Bug 1396710

Summary: Introspection getting failed with "ironic_python_agent.ironic_api_client POST failed ('connection aborted', error(111, 'connection refused'))".
Product: Red Hat OpenStack Reporter: VIKRANT <vaggarwa>
Component: openstack-ironic-python-agentAssignee: Dmitry Tantsur <dtantsur>
Status: CLOSED NOTABUG QA Contact: Raviv Bar-Tal <rbartal>
Severity: high Docs Contact:
Priority: high    
Version: 8.0 (Liberty)CC: bdubois, bfournie, dtantsur, mburns, slinaber, vaggarwa
Target Milestone: ---   
Target Release: ---   
Hardware: All   
OS: Linux   
Whiteboard:
Fixed In Version: Doc Type: If docs needed, set a value
Doc Text:
Story Points: ---
Clone Of: Environment:
Last Closed: 2016-12-01 15:59:32 UTC Type: Bug
Regression: --- Mount Type: ---
Documentation: --- CRM:
Verified Versions: Category: ---
oVirt Team: --- RHEL 7.3 requirements from Atomic Host:
Cloudforms Team: --- Target Upstream Version:
Attachments:
Description Flags
Actual failure screenshot none

Description VIKRANT 2016-11-19 04:31:35 UTC
Description of problem:

Introspection getting failed with "ironic_python_agent.ironic_api_client POST failed ('connection aborted', error(111, 'connection refused'))". 

Version-Release number of selected component (if applicable):
RHEL OSP 8
Overcloud node HW : lenovo System x3550 M5

# rpm -qa | grep python | grep ironic 
python-ironicclient-0.8.1-1.el7ost.noarch 
python-ironic-inspector-client-1.2.0-6.el7ost.noarch

# rpm -qa | grep openstack-ironic 
openstack-ironic-common-4.2.5-2.el7ost.noarch 
openstack-ironic-conductor-4.2.5-2.el7ost.noarch 
openstack-ironic-inspector-2.2.6-1.el7ost.noarch 
openstack-ironic-api-4.2.5-2.el7ost.noarch

How reproducible:
Most of the time for customer. 

Steps to Reproduce:
1. Start the introspection.
2. Introspection getting timedout after sometime. 
3.

Actual results:
Introspection getting failed. 

Expected results:
Introspection should get completed successfully. 

Additional info:

Introspection issue is coming for 2 two nodes, 5 other nodes with similar HW and FW version able to complete the introspection successfully. 

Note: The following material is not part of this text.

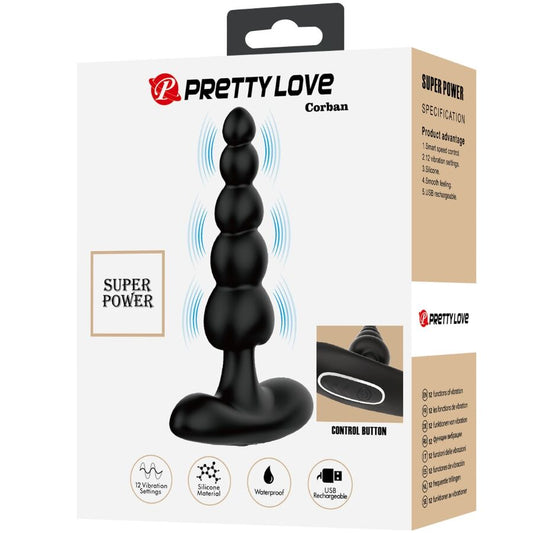 PRETTY LOVE - VIBRATEUR ANAL CORBAN 10 VIBRATIONS NOIR - 7eme ciel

After many attempts once introspection was completed successfully for two problematic nodes but due to a corrupted openstack update Cu. had to re-deploy our infrastructure, and the same 2 nodes are not able to finished the introspection, while all other (6 more nodes, 5 with the same hardware and 1 different) are completed. They keep on cycling with connection refused error. I have continued to deploy the openstack without needs 2 nodes, but we will need to add them to the stack.

Comment 14 Dmitry Tantsur 2016-11-29 13:42:44 UTC
Created attachment 1225843 [details]
Actual failure screenshot

I think I've found the actual error message. We need ironic-inspector logs to investigate further.

Comment 15 Dmitry Tantsur 2016-11-29 13:44:22 UTC
Please also provide your instackenv.json (feel free to strip away passwords).

Comment 16 VIKRANT 2016-11-29 13:45:35 UTC
ironic-inspector logs present in file  : /cases/01708267/x-text/journal_gxospdir41

Comment 18 Dmitry Tantsur 2016-11-29 13:53:04 UTC
I'd prefer we don't have to parse journalctl output to get the required logs..

Anyway, please also provide instackenv.json (stripped of passwords, as requested in comment 15) and output of ironic node-list.